"Bilang ke D, keponakannya sudah dua bulan belum bayar arisan. Mau ditagih, tagih ke mana. Alamat barunya pun kami tak tau."
Si D kemudian menelepon keponakannya yang lain, "Bayarlah arisan adikmu, malu. Di kampung itu dia pergi ninggalin utang."
Akhirnya keponakan D datang ke tempat itu, membayarkan utang adiknya. Utangnya tak banyak, tapi malunya segunung.
Itu salah satu kisah yang menguatkanku untuk malas bergabung arisan kampung. Entah RT, pengajian, atau komunitas apa pun. Sebagian orang menganggap itu ciri orang tak mau bergaul, aku sih tak mau banyak alasan. Kalau itu ukuran baik/tidaknya seorang warga, ya sudahlah.
Ketika masih bekerja, ada pula arisan antarkaryawan. Tujuh tahun aku di sana, tak pernah sekalipun aku ikut arisan. Mau dibilang gak gaul? Dari urusan uang, utang, sampai HP hang, entah milik sesama karyawan, sampai milik bos, aku yang tangani.
Jadi pertimbangkan kembali untuk menyimpulkan seseorang tidak mau bergaul, hanya karena ia tak ikut arisan.

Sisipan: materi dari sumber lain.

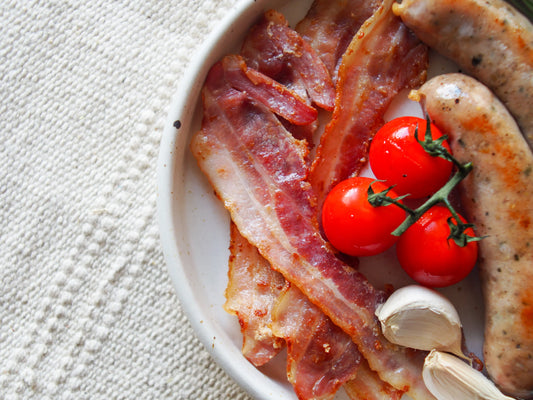 Handmade Natural Wood Smoked Streaky Bacon (Thick-Cut!)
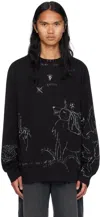 We11 Done Printed Long-sleeved T-shirt In Black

Baca juga: Pulau Seharga Rumah
Faktor berikutnya barangkali karena aku malas berutang. Membayar arisan rasanya mirip dengan membayar angsuran. Aku tipikal penabung, bukan pengangsur. Walau yang ditabung tak juga membukit, tapi itu lebih menenangkan ketimbang uang belum di tangan tapi bon sudah di depan mata.
Terima di awal, di bulan-bulan akhir terasa lelahnya. Terima di akhir, harap-harap cemas jika ada yang tak membayar. Kasus di awal artikel ini bukan satu-satunya yang pernah kulihat. Masih ada kasus lain yang bahkan kualami sendiri, meski tidak secara langsung.
Bahkan sebelum kita berpisah rumah dari orang tua, atau belum menikah, tawaran untuk ikut arisan sudah datang dari koordinator kampung (apa istilah tepatnya?)
Mamakku tak suka berutang, tapi suka ikut arisan. Alasannya arisan sama dengan menabung. Jadi bukan satu dua akun (pasti bukan ini istilahnya) yang Mamak punya. Untuk satu kelompok arisan, Mamak punya hingga tiga. Biasanya satu atau dua dipakaikan namaku.